The term 'folk' has been applied freely to the music of the 'singer-songwriter' who emerged in the wake of the so-called folk music (or urban folk) revival of the 1940s and 1950s. Typically, artists who employed traditional song forms and performance styles (eg, guitar accompaniment) but worked on a professional basis (in the commercial setting of the coffeehouse and later the nightclub and concert hall) and drew on repertoires of original (and often self-composed) material, came to be described as 'folksingers'. (In French Canada their counterparts were the chansonniers.) Among the Canadians thus-described, beginning in the 1960s, were Bruce Cockburn, Leonard Cohen, Bonnie Dobson, Ian and Sylvia, Gordon Lightfoot, Murray McLauchlan, Joni Mitchell, Buffy Sainte-Marie, and David Wiffen. These, as distinct from the traditional (or source) singers (O.J. Abbott, Tom Brandon, LaRena Clark, Marie Hare, etc) and from the singers who have interpreted the traditional repertoire (eg, Tom Kines, Ed McCurdy and Alan Mills).
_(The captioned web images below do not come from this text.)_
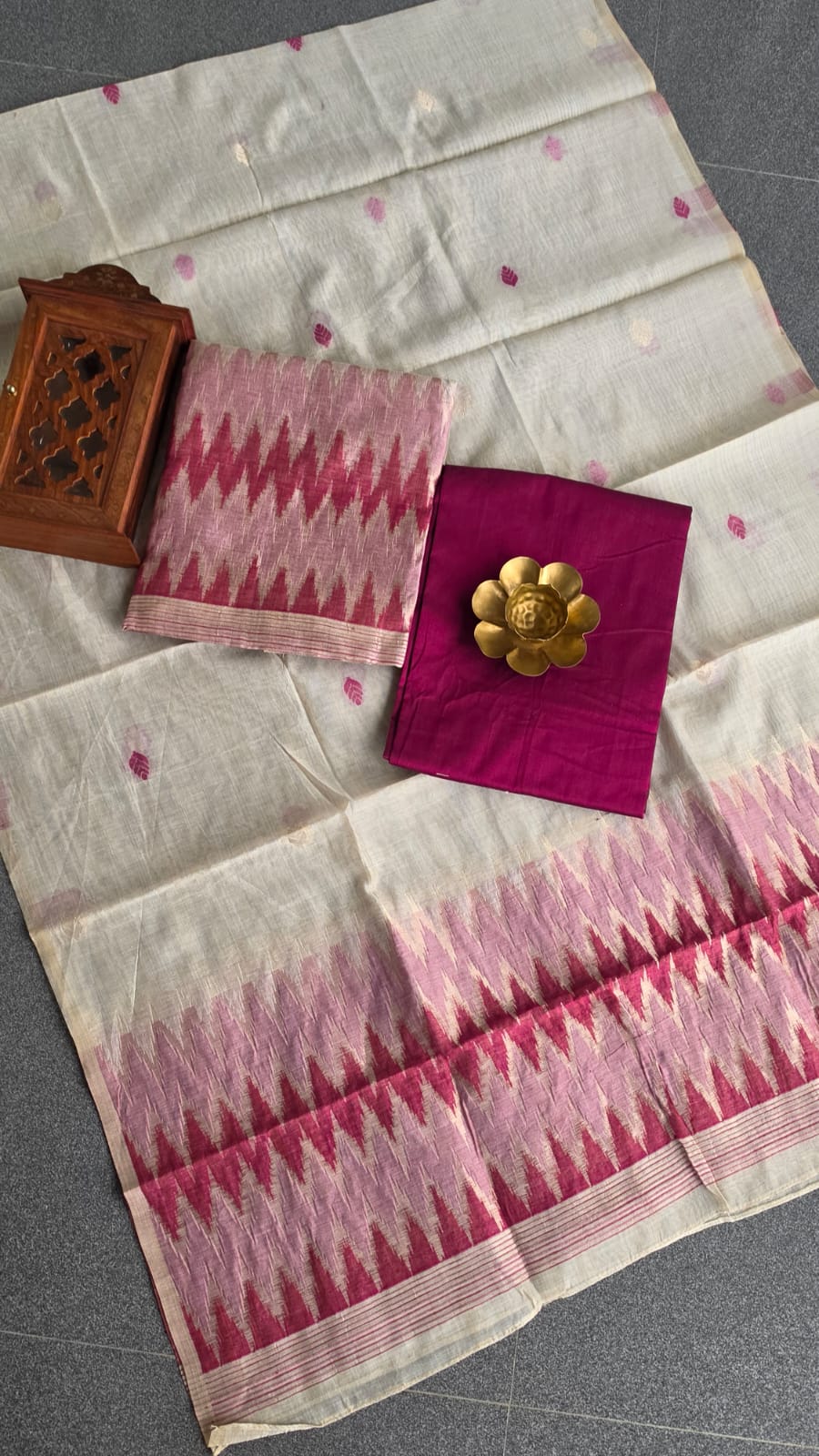 Tussar silk salwar(magenta pink)-MG73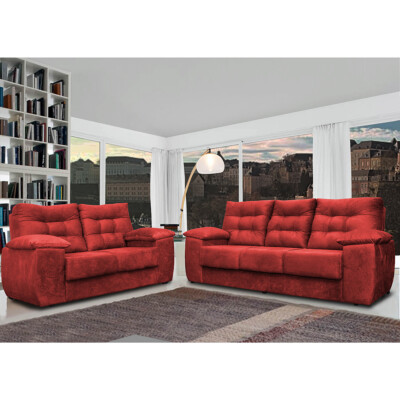 0 - Conjunto Sofá Luxemburgo 3 E 2 Lugares 1,52m e 2,02m Suede Ve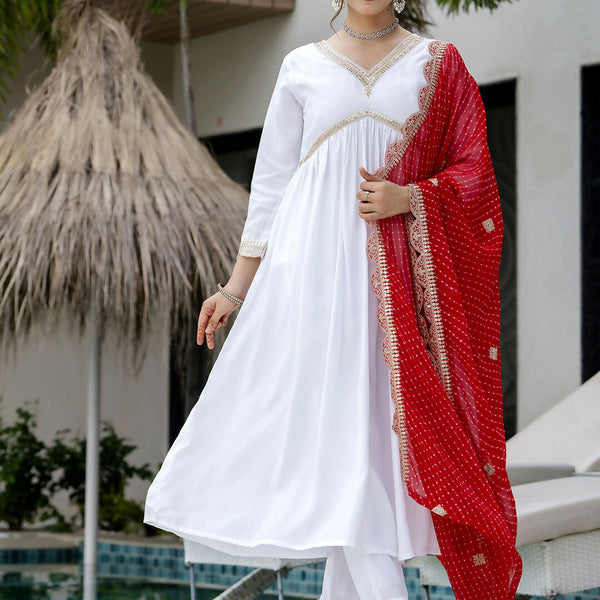 The52 White Women's Gorgeous Embroidered Chanderi Fabric Straight Kurta, Pant and Dupatta Set - Distacart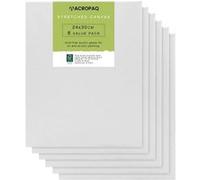 ACROPAQ lot 6 toiles à Peindre avec châssis 24 x 30 cm- Surface en coton de qualité supérieure 280 g/m²- Conforme FSC sans acide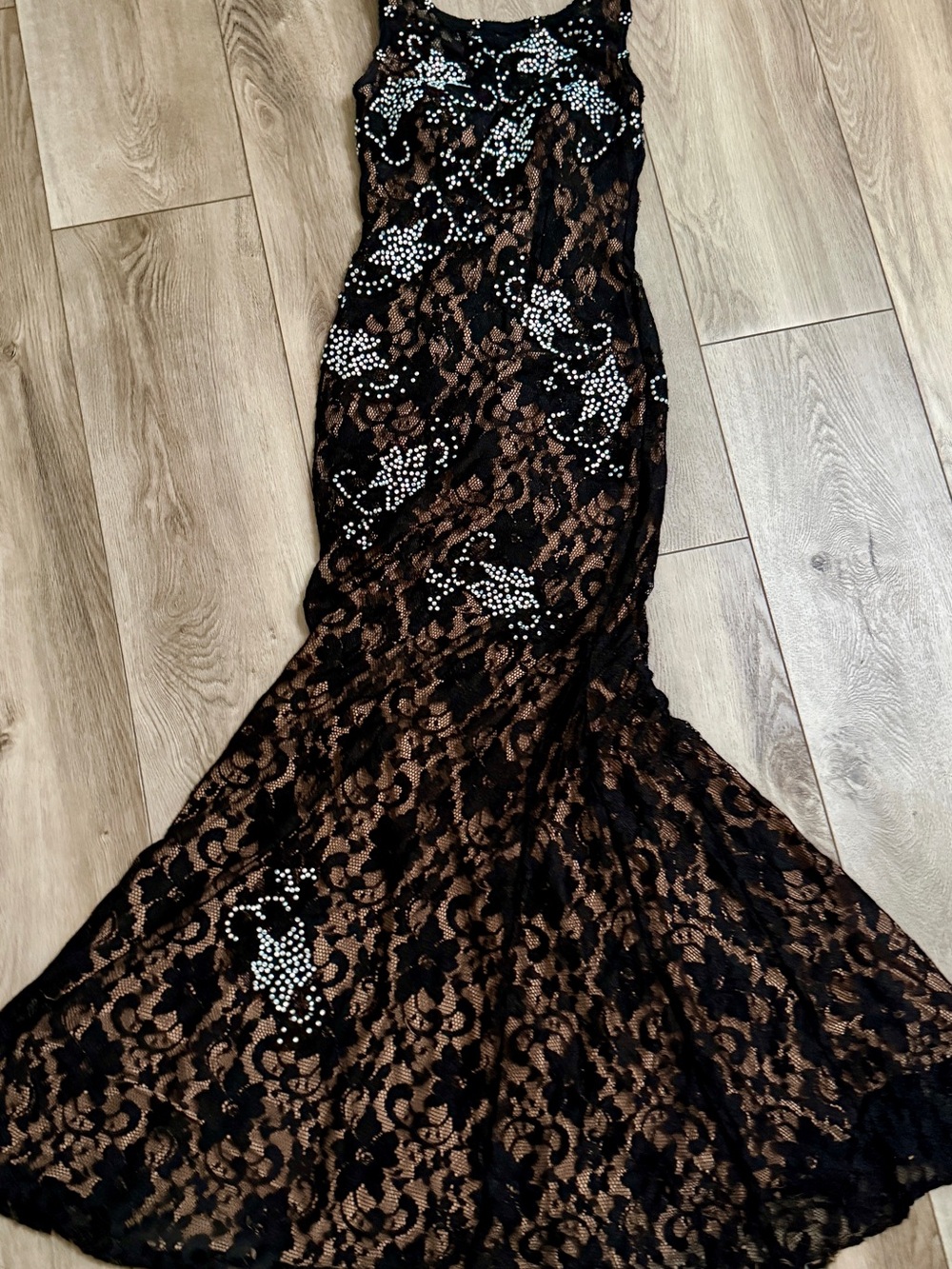 Jovani Black Lace & Nude Illusion Mermaid Gown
The early Mariposa folk festivals reflected this duality with the inclusion in its programs of both the traditional and the new, contemporary folk performers - eg, O.J. Abbott and Ian and Sylvia in 1961, and LaRena Clark and Joni Anderson (Mitchell) in 1965. However, this approximate balance gradually shifted to the point where, in the 1980s, Canada's major 'folk festivals' (Mariposa, Edmonton, Vancouver, Winnipeg, etc) were highly eclectic events whose programming, with its emphasis on 'roots music' - ie, music at the 'root' of contemporary pop, including blues, country, bluegrass, cajun, and folk - stopped not far short of rock and paid little attention to traditional folk performers (who, it must be said, were now of advanced years). Even the Miramichi Folk Festival, established in 1958 expressly for traditional performers, had introduced concerts by the contemporary folk artists John Allan Cameron, Valdy, and others into its programs by the late 1980s.
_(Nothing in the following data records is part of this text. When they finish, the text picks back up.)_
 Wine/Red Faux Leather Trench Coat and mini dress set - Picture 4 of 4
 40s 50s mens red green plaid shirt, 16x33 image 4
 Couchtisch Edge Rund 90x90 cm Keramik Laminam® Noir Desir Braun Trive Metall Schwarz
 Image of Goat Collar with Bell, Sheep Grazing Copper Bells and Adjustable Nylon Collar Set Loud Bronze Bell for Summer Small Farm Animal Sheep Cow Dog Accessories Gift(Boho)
The singer-songwriters of the 1960s were the first Canadians of their generation to emerge internationally in the pop field. The early success of the songs and/or recordings of Lightfoot, Mitchell, Cohen and the Tysons predated that of, for example, the Guess Who by two or three years, and certainly spoke to the world more eloquently of Canadian sensibilities. Indeed Lightfoot et al, and the singer-songwriters who followed them in the 1970s and 1980s - Holly Arntzen, Willie P. Bennett, Heather Bishop, Bob Bossin and Marie-Lynn Hammond of Stringband, David Bradstreet, Rodney Brown, Bob Carpenter, Tom Cochrane, Teresa Doyle, Willie Dunn, David Essig, Stephen Fearing, Ferron, Roy Forbes, Don Freed, Lennie Gallant, Bill Garrett, Norm Hacking, Tim Harrison, Joe Hall, Ron Hynes, Tom Jackson, Connie Kaldor, James Keelaghan, Terry Kelly, Penny Lang, Doug MacArthur, Rita MacNeil, John Mann and Geoffrey Kelly of Spirit of the West, Ray Materick, Kate and Anna McGarrigle, Loreena McKinnett, Scott Merritt, Joe Mock and Rick Scott of Pied Pumpkin, Linda Morrison, Colleen Peterson, Wyckham Porteous, Chris Rawlings, Garnet Rogers, Stan Rogers, Shingoose, Jane Siberry, Bob Snider, Ian Tamblyn, Brent Titcomb, Shari Ulrich, Valdy, Nancy White, etc - have consistently given the clearest voice of all the country's 'pop' performers to the Canadian experience.
By the 1980s, the stylistic basis of the singer-songwriter's work had been blurred if not transmuted as some artists turned to country music (eg, Bennett, McLauchlan, Ian Tyson, and Sylvia Tyson) and others selectively introduced pop elements (eg, Cockburn, Merritt, Siberry, and Ulrich). Some have brought contemporary technology (ie, synthesizers) to traditional forms (Garnet Rogers). Still others have remained relatively loyal to the older traditions, including the veteran Doug MacArthur of London, Ont, and members of the new generation of singer-songwriters that emerged in the 1980s - eg, James Keelaghan of Calgary.